Copy exactly and only the lines running from the one that contains "Pineapple Roll Oat Crumble Bars" to the final line of the data below, without the pictures.
___ SUPPLIED MATERIAL
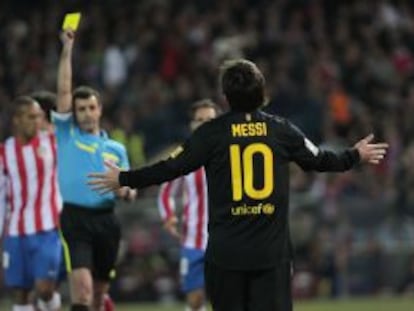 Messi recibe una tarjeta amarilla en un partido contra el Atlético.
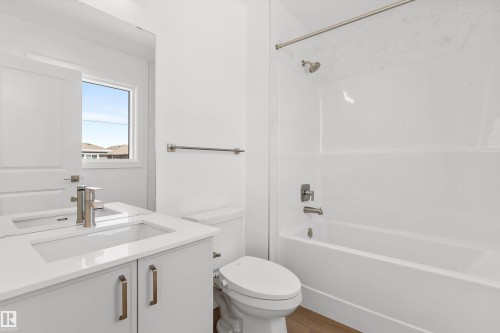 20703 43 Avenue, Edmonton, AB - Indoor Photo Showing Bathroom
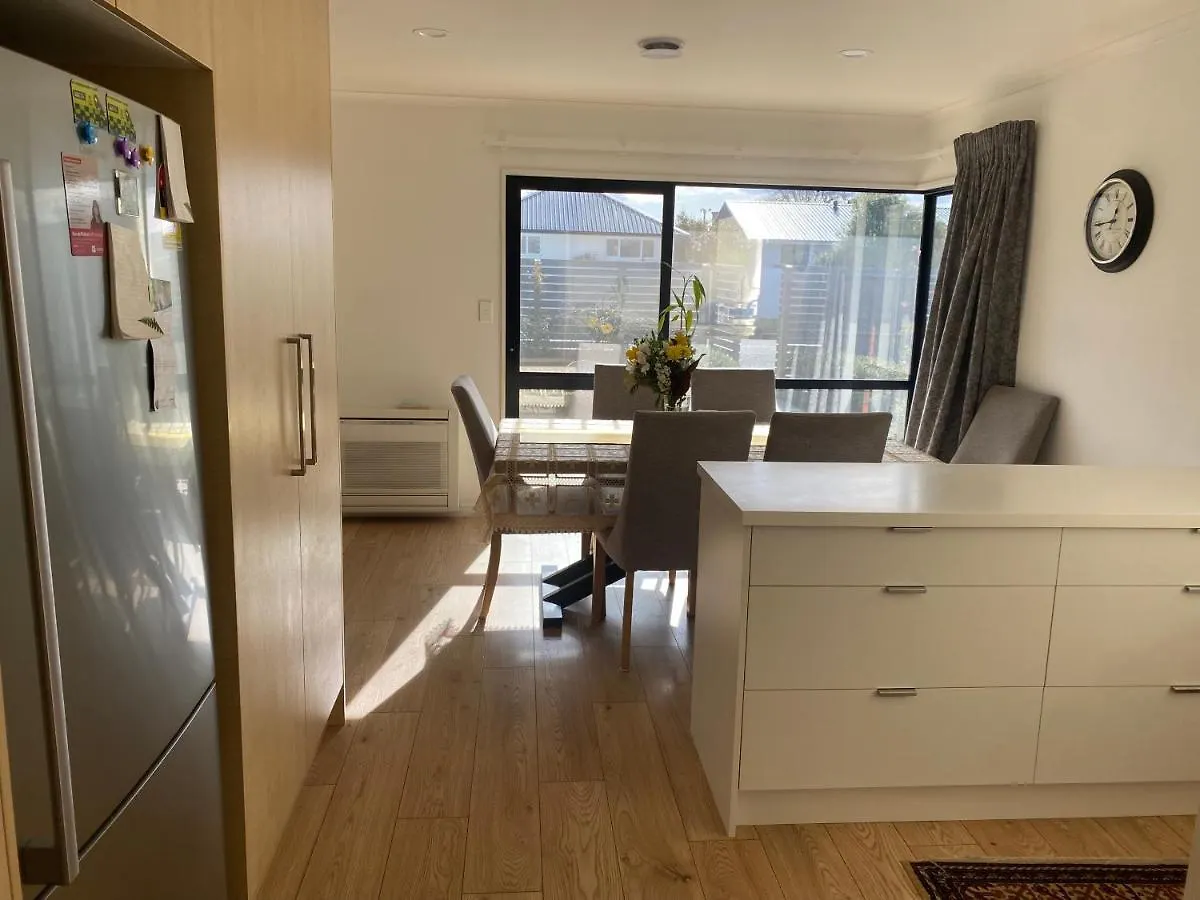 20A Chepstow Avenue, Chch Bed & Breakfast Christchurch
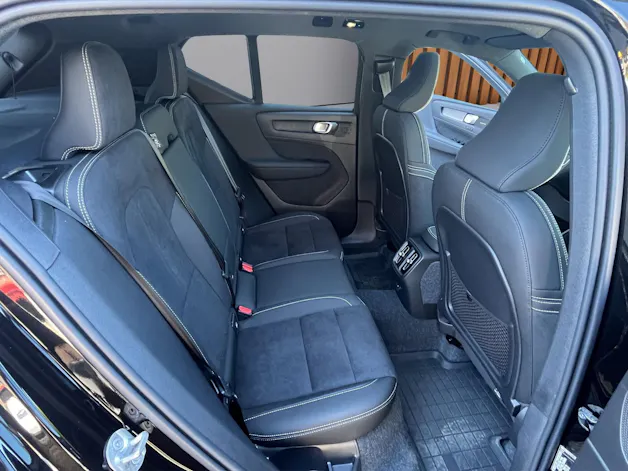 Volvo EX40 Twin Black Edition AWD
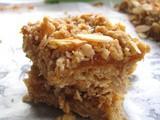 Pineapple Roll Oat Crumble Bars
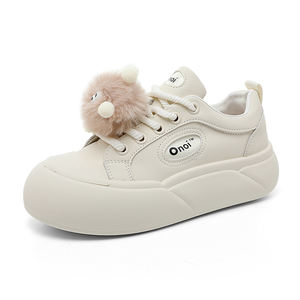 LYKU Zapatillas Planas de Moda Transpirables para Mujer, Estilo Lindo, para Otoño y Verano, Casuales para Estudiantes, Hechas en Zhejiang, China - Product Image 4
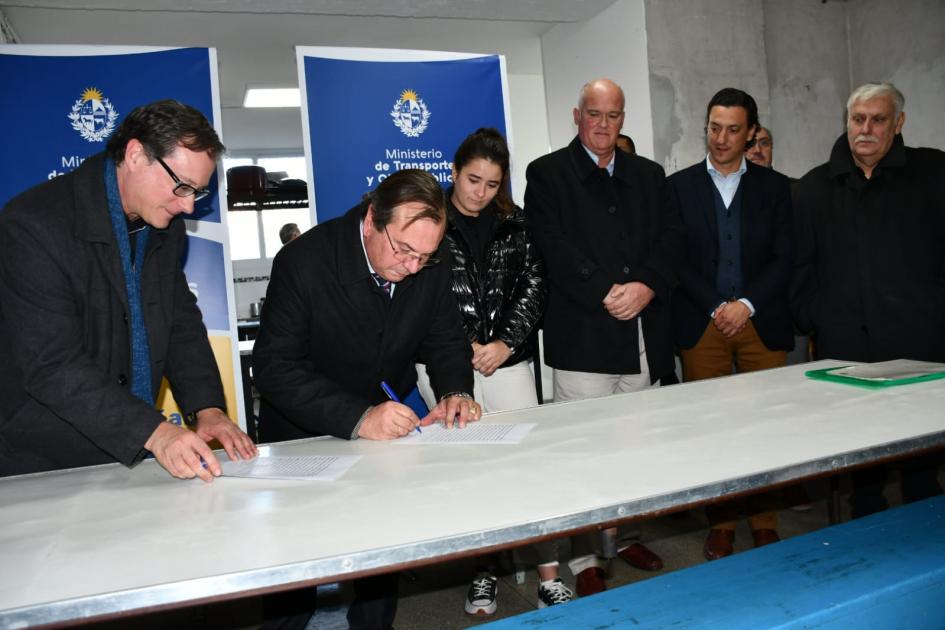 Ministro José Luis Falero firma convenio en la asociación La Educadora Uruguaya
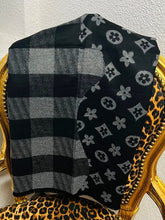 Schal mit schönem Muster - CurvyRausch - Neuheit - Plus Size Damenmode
______
→ **TASK RESPONSE**:
 Pineapple Roll Oat Crumble Bars
 LYKU Zapatillas Planas de Moda Transpirables para Mujer, Estilo Lindo, para Otoño y Verano, Casuales para Estudiantes, Hechas en Zhejiang, China - Product Image 4
 Ministro José Luis Falero firma convenio en la asociación La Educadora Uruguaya
 Schal mit schönem Muster - CurvyRausch - Neuheit - Plus Size Damenmode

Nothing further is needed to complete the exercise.